Traceback (most recent call last):
File "monitiq_install.py", line 36, in <module>
module_install.runModules();
File "/opt/monitiq-universal/install/module_install.py", line 90, in runModules
exit_code = runModule(module);
File "/opt/monitiq-universal/install/module_install.py", line 29, in runModule
sys.exit(0);
NameError: global name 'sys' is not defined
Traceback (most recent call last):
File "/opt/monitiq-universal/install/modules/create_db_user-v0_0_0.py", line 132, in <module>
inputVal = raw_input("");
KeyboardInterrupt
If you press Ctrl + C in a terminal then SIGINT is sent to all processes within the process group. See child process receives parent's SIGINT.
That is why you see the traceback from the child process despite try/except KeyboardInterrupt in the parent.
You could suppress the stderr output from the child process: stderr=DEVNULL. Or start it in a new process group: start_new_session=True:
import sys
from subprocess import call
try:
call([sys.executable, 'child.py'], start_new_session=True)
except KeyboardInterrupt:
print('Ctrl C')
else:
print('no exception')
If you remove start_new_session=True in the above example then KeyboardInterrupt may be raised in the child too and you might get the traceback.

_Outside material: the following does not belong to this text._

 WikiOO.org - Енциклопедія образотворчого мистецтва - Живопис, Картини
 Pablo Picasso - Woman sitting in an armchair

If subprocess.DEVNULL is not available; you could use DEVNULL = open(os.devnull, 'r+b', 0). If start_new_session parameter is not available; you could use preexec_fn=os.setsid on POSIX.
You can do this using try and except as below:
import subprocess
try:
proc = subprocess.Popen("dir /S", shell=True, stdout=subprocess.PIPE, stderr=subprocess.STDOUT)

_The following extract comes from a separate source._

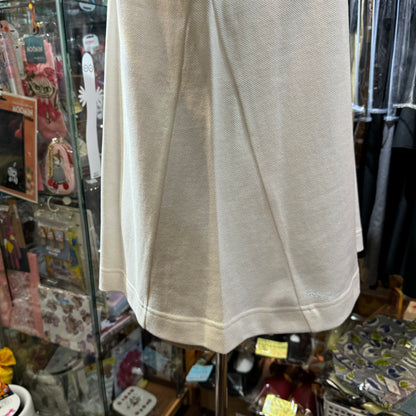 EXTRA30- Lacoste X Beams Boy White A-line T-shirt, size 36, made in Japan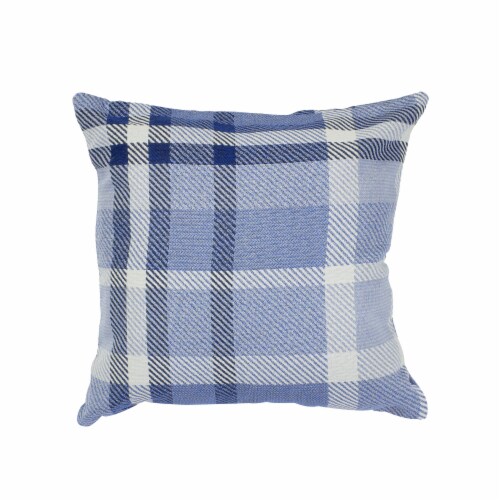 Astella Pacifica Tartan Accent Throw Pillow - Midnight Perspective: front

while proc.poll() is None:
print proc.stdout.readline()
except KeyboardInterrupt:
print "Got Keyboard interrupt"
You could avoid shell=True in your execution as best security practice.
This code spawns a child process and hands signals like SIGINT, ... to them just like shells (bash, zsh, ...) do it.
This means KeyboardInterrupt is no longer seen by the Python process, but the child receives this and is killed correctly.
It works by running the process in a new foreground process group set by Python.
import os
import signal
import subprocess
import sys
import termios
def run_as_fg_process(*args, **kwargs):
"""
the "correct" way of spawning a new subprocess:
signals like C-c must only go
to the child process, and not to this python.
the args are the same as subprocess.Popen
returns Popen().wait() value
Some side-info about "how ctrl-c works":
https://unix.stackexchange.com/a/149756/1321
fun fact: this function took a whole night
to be figured out.
"""
old_pgrp = os.tcgetpgrp(sys.stdin.fileno())
old_attr = termios.tcgetattr(sys.stdin.fileno())
user_preexec_fn = kwargs.pop("preexec_fn", None)
def new_pgid():
if user_preexec_fn:
user_preexec_fn()
# set a new process group id
os.setpgid(os.getpid(), os.getpid())
# generally, the child process should stop itself
# before exec so the parent can set its new pgid.
# (setting pgid has to be done before the child execs).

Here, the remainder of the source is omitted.